Après des mois passés dans un lit à l'hôpital, c'est maintenant dans un CHSLD de Saint-Jérôme qu'elle demeure allongée jour et nuit. L'environnement a changé, mais son état, lui, demeure le même. Dans plusieurs circonstances, un « état stable » est accueilli comme une bonne nouvelle puisqu'il porte avec lui une certaine notion d'espoir. Dans son cas, ou plutôt dans « notre » cas, c'est le mot qu'on n'en peut plus d'entendre. Non pas parce qu'on est égoïstes et qu'on est juste « tannés » de s'occuper d'elle, mais plutôt le contraire. C'est justement parce qu'on l'aime tant qu'on n'en peut plus.

Souffre-t-elle ? Physiquement, c'est difficile à dire. De façon générale, probablement pas. Mais au-delà des maux de corps, il y a ceux de l'esprit. Ceux qui ne s'apaisent pas à coup de pilules ou de chirurgie. Ceux qui flagellent de l'intérieur sans laisser de trace apparente à l'oeil nu. Et encore. Nous, on la voit, sa souffrance. On la ressent, on la subit, on y assiste. Comme ma grand-mère. Seule dans son lit, 24 heures par jour, sept jours sur sept. Depuis 18 mois. Ça, c'est 72 semaines. C'est long, respirer sans bouger pendant 504 jours et 504 nuits. Survivre sans vitalité. Manger sans plaisir. Dormir sans sommeil. Parler sans réelle conversation. C'est long, mais c'est aussi souffrant. Pour elle, et pour nous.
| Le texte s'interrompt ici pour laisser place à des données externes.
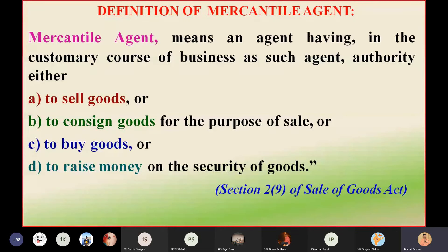Mercantile agents have authority — exactly what they have to do and what they can do.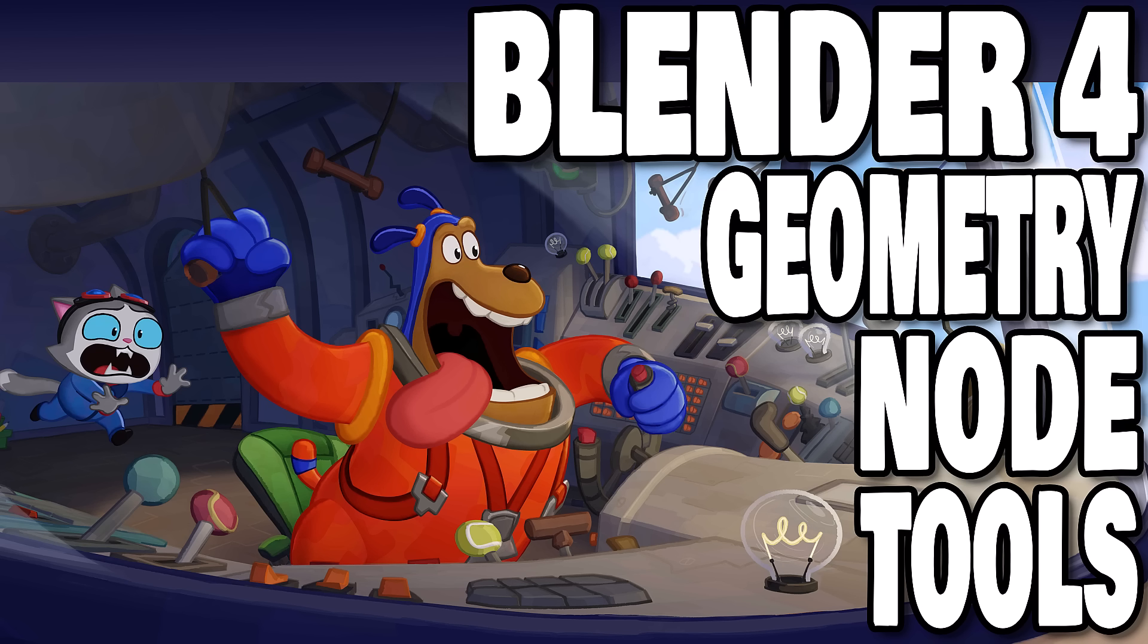Hello ladies and gentlemen, it's Mike here at Game From Scratch and Blender 4 Beta recently shipped. Today we're going to look at what I think is the most cool new feature in that, and it's something called Geometry Node Tools.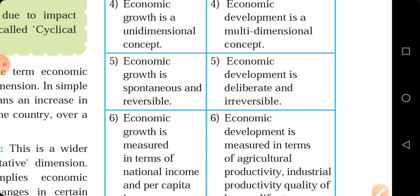Economic growth is spontaneous and reversible — it is continuous and can be reversed, meaning we can return to the previous condition. Economic development is deliberate — meaning it is done intentionally, so it is a human factor. If people study, the literacy rate increases. That's why economic development is called deliberate and irreversible. Once you have received education, you cannot become uneducated again. So economic development is deliberate and irreversible.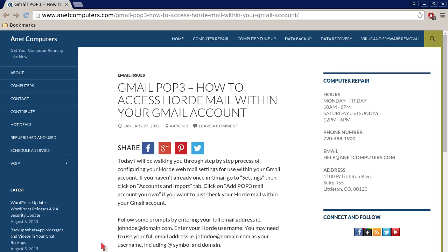Hello, this is Aaron with internetcomputers.com with another video for you today. Email issues. Bueno, este es Aaron con internetcomputers.com, otro video para ti hoy.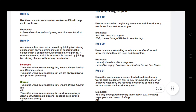Rule number nineteen: use a comma when beginning a sentence with introductory words or phrases such as well, now, or yes. Place a comma after them. For example: Yes, I do not need that report. And: Well, I never thought I would live to see that.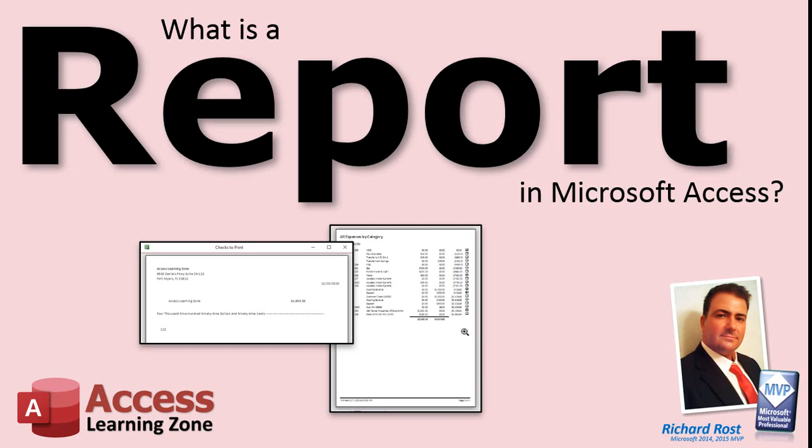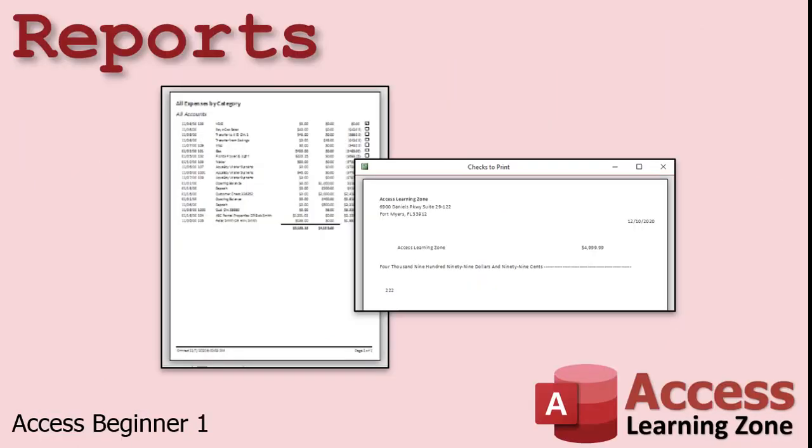What is a report in Microsoft Access? Reports are specifically designed to present data to people who are not using your database. You can print a report out. You can send it to someone as an email attachment or as a PDF file.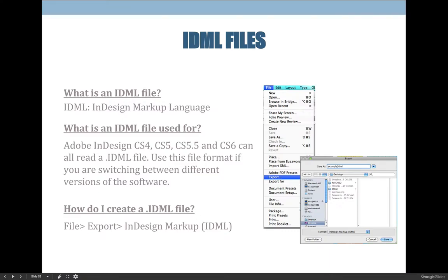An InDesign .INDD file is the native file format and you should always be working in .INDD files, but they are not cross-compatible between different versions of InDesign. If you have the newest version and I'm still working in CS6, I cannot open files you send me. You can open older versions fine, but I can't open your newer version. So what we do is save a copy as an .idml — InDesign Markup Language — file. You can export to it, save as to it, or when you choose File > Package, check the box that says to include an InDesign Markup Language file.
Et quand je dis « nous », je parle surtout de ma mère, qui en prend soin et veille sur elle depuis le début. C'est elle qui a vidé son appartement et qui gère ses affaires, qui se rend à son chevet pour la faire manger encore plusieurs fois par semaine. C'est ma mère aussi qui est près d'elle, qui lui parle, qui lui répète les mêmes choses, qui répond souvent aux mêmes questions. Et, entre plusieurs moments de « stabilité », elle assiste parfois à quelques minutes de regain d'esprit ou d'énergie, aussi éphémères que tristes, puisqu'ils n'augurent pas un rétablissement magique. Pas à 95 ans.

Au cours des 18 derniers mois, nous en avons vécu, en tant que famille, des émotions. Je ne compte plus le nombre de fois où j'ai été convaincue qu'il ne lui restait plus que quelques jours à vivre et à souffrir.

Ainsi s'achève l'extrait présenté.